Barclays calls on retailers to help stop mounting BNPL debt crisis
Barclays has sounded the alarm over rising buy-now pay-later debt today and called on retailers to step up and protect shoppers, warning that 876,000 Brits could be plunged into unmanageable debt this year without intervention.
New research from the bank’s partner finance arm – which offers its own buy-now pay-later style product for bigger purchases – and debt charity Step Change found that shoppers were turning to BNPL products amidst a cost of living crunch, with 36 per cent of consumers saying that BNPL products had become more appealing since inflation and energy costs began to climb.

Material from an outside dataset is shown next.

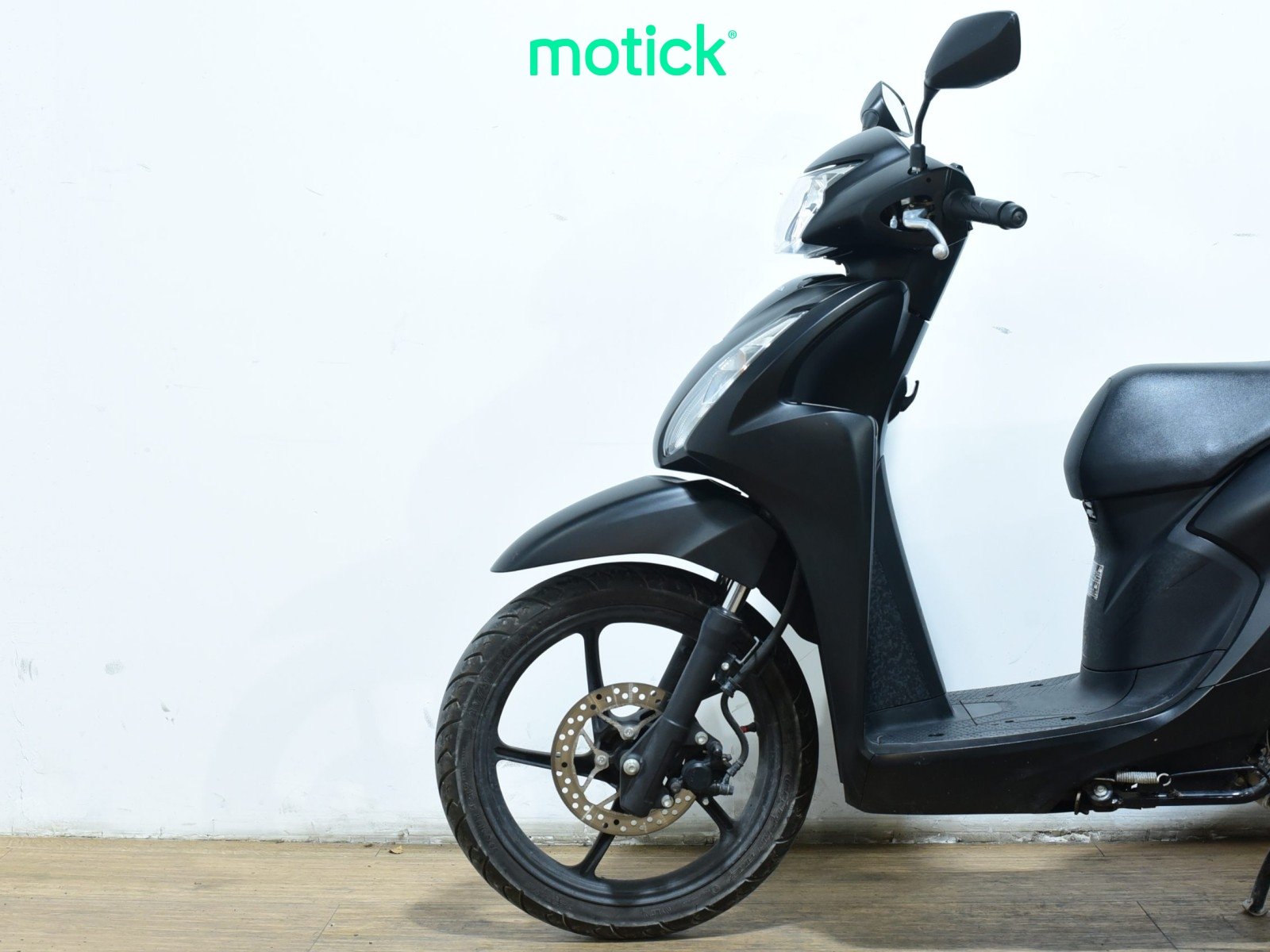 HONDA VISION 110 (TOP CASE)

Retailers are also braced for soaring demand for BNPL products, the research found.
Merchants that offer BNPL credit estimated that the products will account for 22.1 per cent of sales by the end of 2022, rising from 18.7 per cent today.
Boss of Barclays Partner Finance Antony Stephen said that retailers were “a vital gatekeeper” in the lending process and played a crucial role in performing due diligence on shoppers.
“However tempting it may be to evaluate BNPL payments purely on their acceptance rates or merchant fees, they need to go further and look at how responsible the lending process is behind each transaction,” he said.
“Our research shows that the ambition is there: around nine in 10 retailers support Barclays’ view that all credit providers should be subject to the same checks and balances. Businesses such as Amazon and Apple, who have already chosen to partner with regulated providers like Barclays, deserve credit for prioritising good customer outcomes over short-term profits.”
Barclays said it was “worrying” that many retailers do not fully understand the credit options they are offering up to customers, and said its research uncovered “sizeable knowledge gaps” about the pitfalls of unregulated lending.
Around 54 per cent of retailers wrongly think that most BNPL companies perform a full credit check before deciding to lend money to a consumer, Barlcays said, and 52 per cent mistakenly believe that all BNPL brands report their lending to the UK credit reference agencies.
The warnings come after the Treasury unveiled its plans to regulate the BNPL sector this week, with measures including requiring BNPL firms to perform affordability checks and bringing the firms within the remit of the Financial Ombudsman Service.
Concerns have grown over the use of the products for essentials as the cost of living rises.
Research from Hargreaves Lansdown in March found that nine per cent of people had used BNPL schemes to cover essentials.